How law firms are working to boost social mobility in legal

Posted on Thursday, June 13, 2024 by Hannah Hassack

Businesses have a huge role in Social Mobility

Social mobility is about empowering everyone, regardless of their socio-economic background, to fulfil their potential. When we talk about social mobility, we talk about equal opportunities. Everyone deserves to thrive regardless of where they were born, their financial status, their education, their ethnicity, and so on. But for this to happen, to improve social mobility in the UK and to give more people a fair go, we need to equalise the playing field.

Decision-makers, employers and the institutions of our society need to fully embrace Diversity, Equality and Inclusion (DEI) and help all communities access the education and career opportunities they deserve They need to not just pay lip service to it, but build DEI into their day-to-day operations - from how they engage with schools and young people, to hiring processes, through to how they're allocating managerial and leadership roles. 

When it comes to equitable employment opportunities – which Social Mobility Day campaigns to reinforce – employers have a responsibility to reach beyond the low-hanging fruit (that is the candidates who have had advantages) and empower people from all socio-economic backgrounds. As a recruitment consultancy, our role in this is clear.

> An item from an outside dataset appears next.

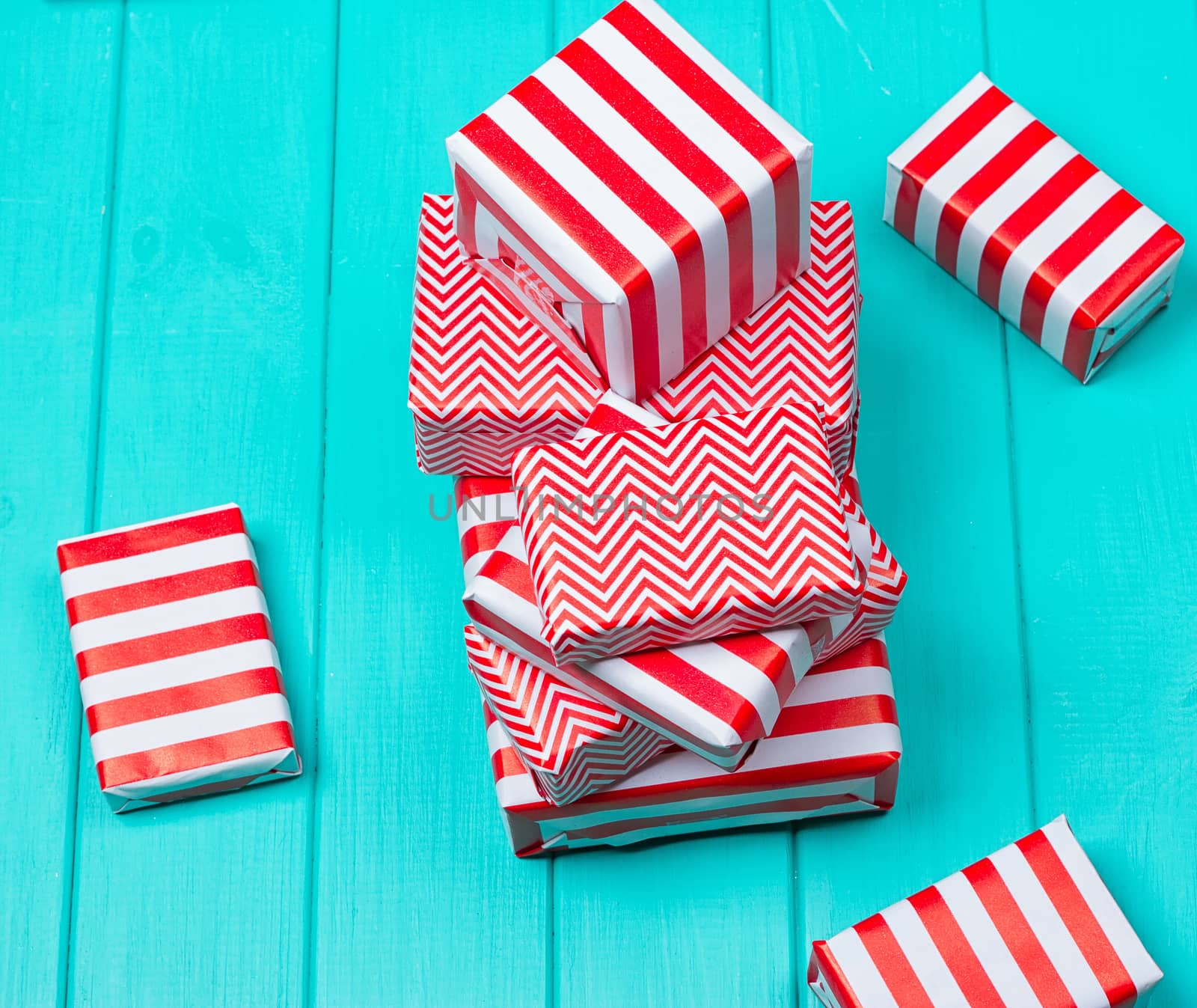 Many gifts in a red and white wrapper on a blue wooden background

The role of recruitment in Social Mobility

If there’s one goal driving Ryder Reid forward, it’s helping everyone, from all walks of life, to fulfil their career potential – and this means recruiting from a diverse talent pool. To facilitate this, we embrace DEI daily and actively in the minutiae of the way we work with clients and candidates, and right from the early stages of our talent search. We have market-leading processes in place which enable us to reach young people who haven’t had fair access to education, disadvantaged communities, and ethnic minorities who have been previously overlooked due to the bias many groups still face.

We’re committed to this not only because it’s the right thing to do, but because it brings great rewards to our clients, our candidates and our own business. And to all businesses! The benefits of leading inclusive organisations are ample. As well as proving to boost productivity and creativity, Flair HR reported that diverse teams make better decisions 87% of the time, capture new markets 70% of the time, and have 25% higher chance of attaining above-average profitability*. All employers should take heed of these figures, as they compound what we know – that the future of business is diverse.

Diversity wins top talent

The same report found that younger generations prefer diverse companies to buy from and work for, and that the majority see a diverse team as a key employee benefit. This really shows how high on the agenda DEI is for modern candidates and for the people coming up who will one day lead our organisations.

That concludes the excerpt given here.